* Activity
For the listing below, output exactly the lines from the line with "11.81x9.64 Inch Bohemian" up to and including the line with "Man in Nike Gear: Detailed Matte Painting", and no other lines.

* Data supplied
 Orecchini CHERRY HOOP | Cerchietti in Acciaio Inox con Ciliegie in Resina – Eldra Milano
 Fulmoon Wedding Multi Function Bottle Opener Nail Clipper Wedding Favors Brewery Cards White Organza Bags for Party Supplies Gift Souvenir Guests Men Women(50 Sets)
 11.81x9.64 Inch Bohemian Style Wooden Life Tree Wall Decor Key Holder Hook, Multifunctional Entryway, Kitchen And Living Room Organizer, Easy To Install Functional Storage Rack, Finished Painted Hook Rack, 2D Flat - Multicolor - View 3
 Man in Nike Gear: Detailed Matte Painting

--

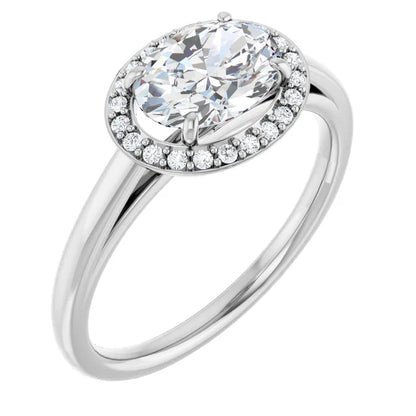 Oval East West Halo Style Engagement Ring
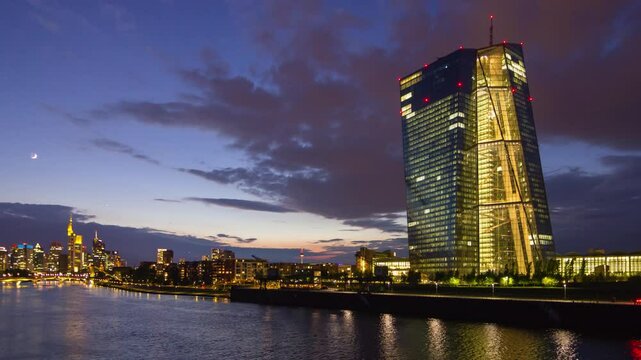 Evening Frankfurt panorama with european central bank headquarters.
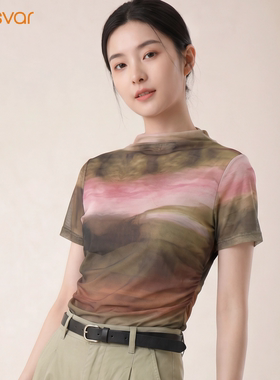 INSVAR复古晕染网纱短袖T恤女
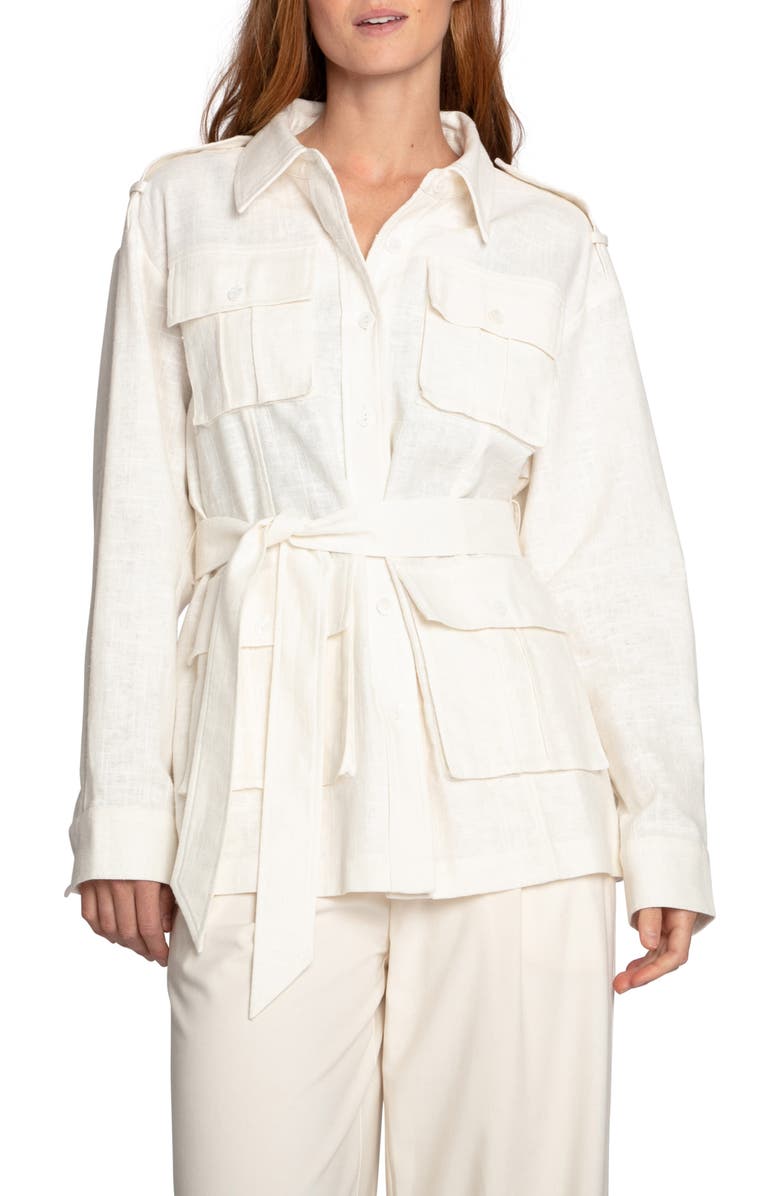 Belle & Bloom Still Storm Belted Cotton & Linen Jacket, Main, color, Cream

* Exercise response
 11.81x9.64 Inch Bohemian Style Wooden Life Tree Wall Decor Key Holder Hook, Multifunctional Entryway, Kitchen And Living Room Organizer, Easy To Install Functional Storage Rack, Finished Painted Hook Rack, 2D Flat - Multicolor - View 3
 Man in Nike Gear: Detailed Matte Painting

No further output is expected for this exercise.